> Try it:
In the entries below, find the line with "Ladies Casual Midi Blouse Dress - Meah-5" and the line with "Purfect Summer –"; copy them and every line between them exactly, but not the pictures.

> Data provided:
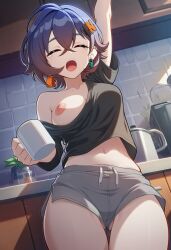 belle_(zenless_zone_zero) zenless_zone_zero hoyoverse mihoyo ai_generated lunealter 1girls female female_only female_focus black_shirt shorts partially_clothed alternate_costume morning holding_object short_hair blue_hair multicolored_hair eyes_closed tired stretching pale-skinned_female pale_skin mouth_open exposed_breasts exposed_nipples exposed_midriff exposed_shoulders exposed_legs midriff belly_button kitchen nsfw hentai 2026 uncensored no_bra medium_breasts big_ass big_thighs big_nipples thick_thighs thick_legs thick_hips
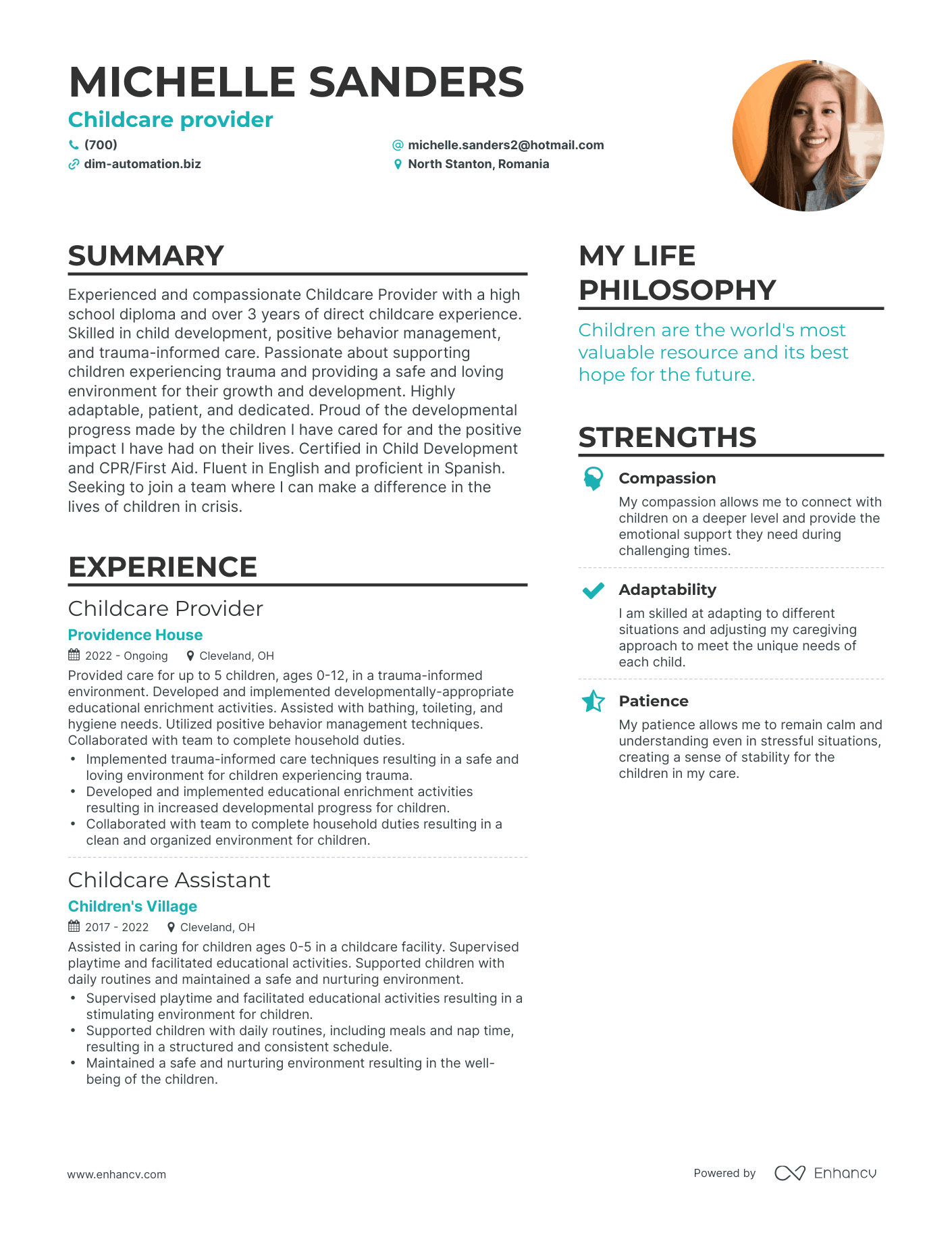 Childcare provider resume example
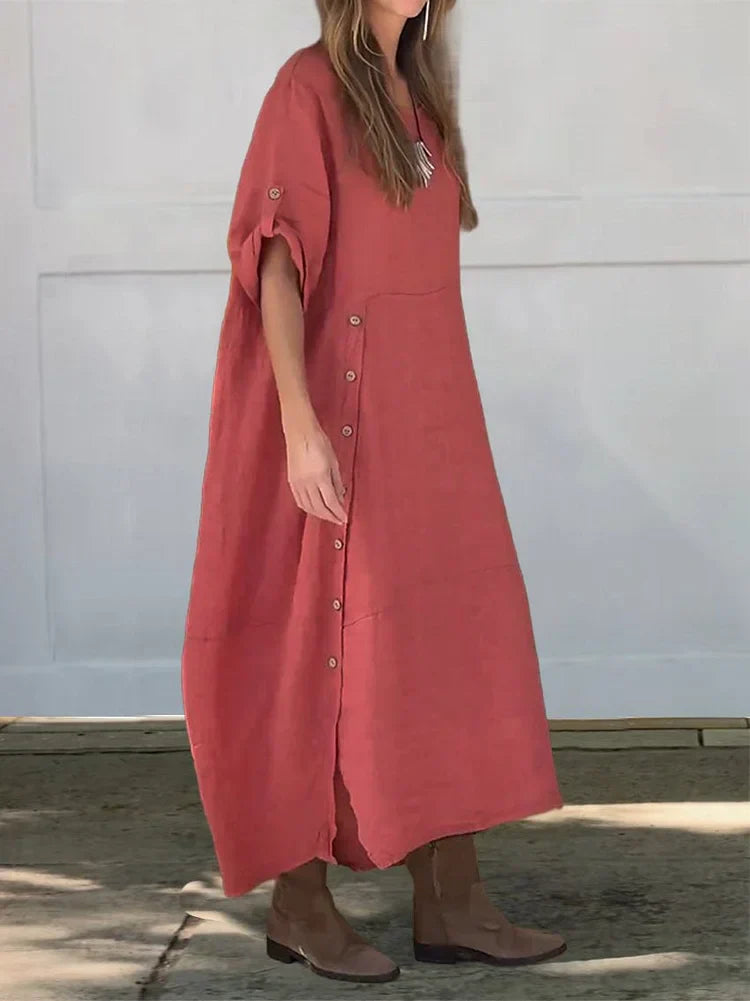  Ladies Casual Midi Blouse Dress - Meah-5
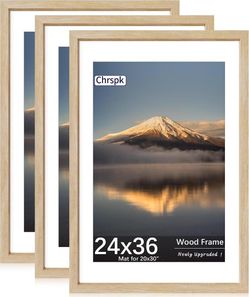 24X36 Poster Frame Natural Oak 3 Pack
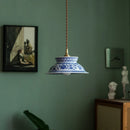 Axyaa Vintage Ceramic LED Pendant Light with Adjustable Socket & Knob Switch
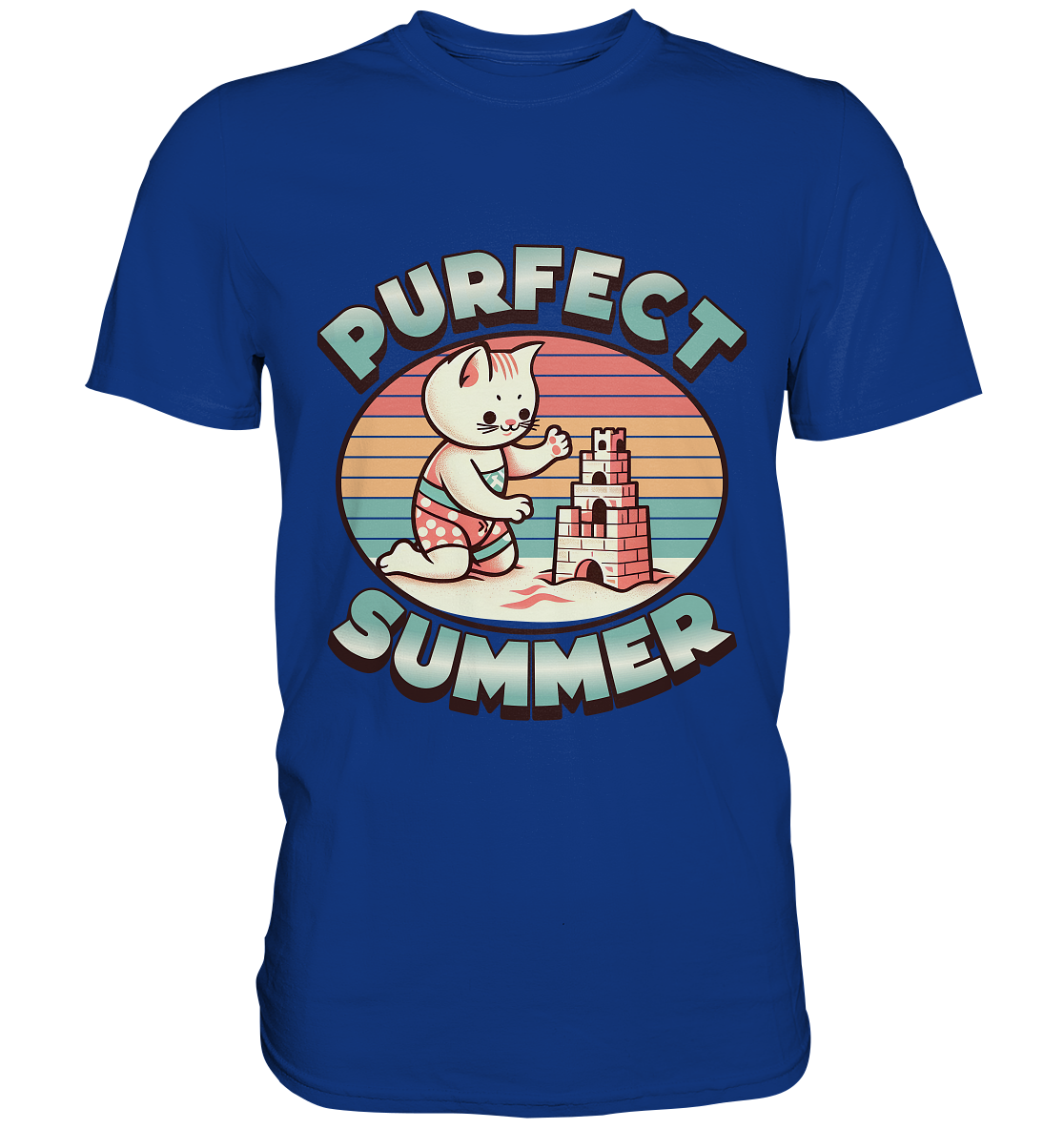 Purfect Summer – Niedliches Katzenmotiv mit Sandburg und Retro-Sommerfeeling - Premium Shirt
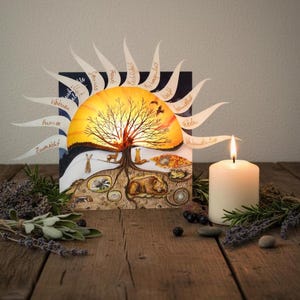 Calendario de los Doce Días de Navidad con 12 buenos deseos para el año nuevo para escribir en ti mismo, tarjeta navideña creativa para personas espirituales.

> Response for this exercise:
  Ladies Casual Midi Blouse Dress - Meah-5
 24X36 Poster Frame Natural Oak 3 Pack
 Axyaa Vintage Ceramic LED Pendant Light with Adjustable Socket & Knob Switch
 Purfect Summer – Niedliches Katzenmotiv mit Sandburg und Retro-Sommerfeeling - Premium Shirt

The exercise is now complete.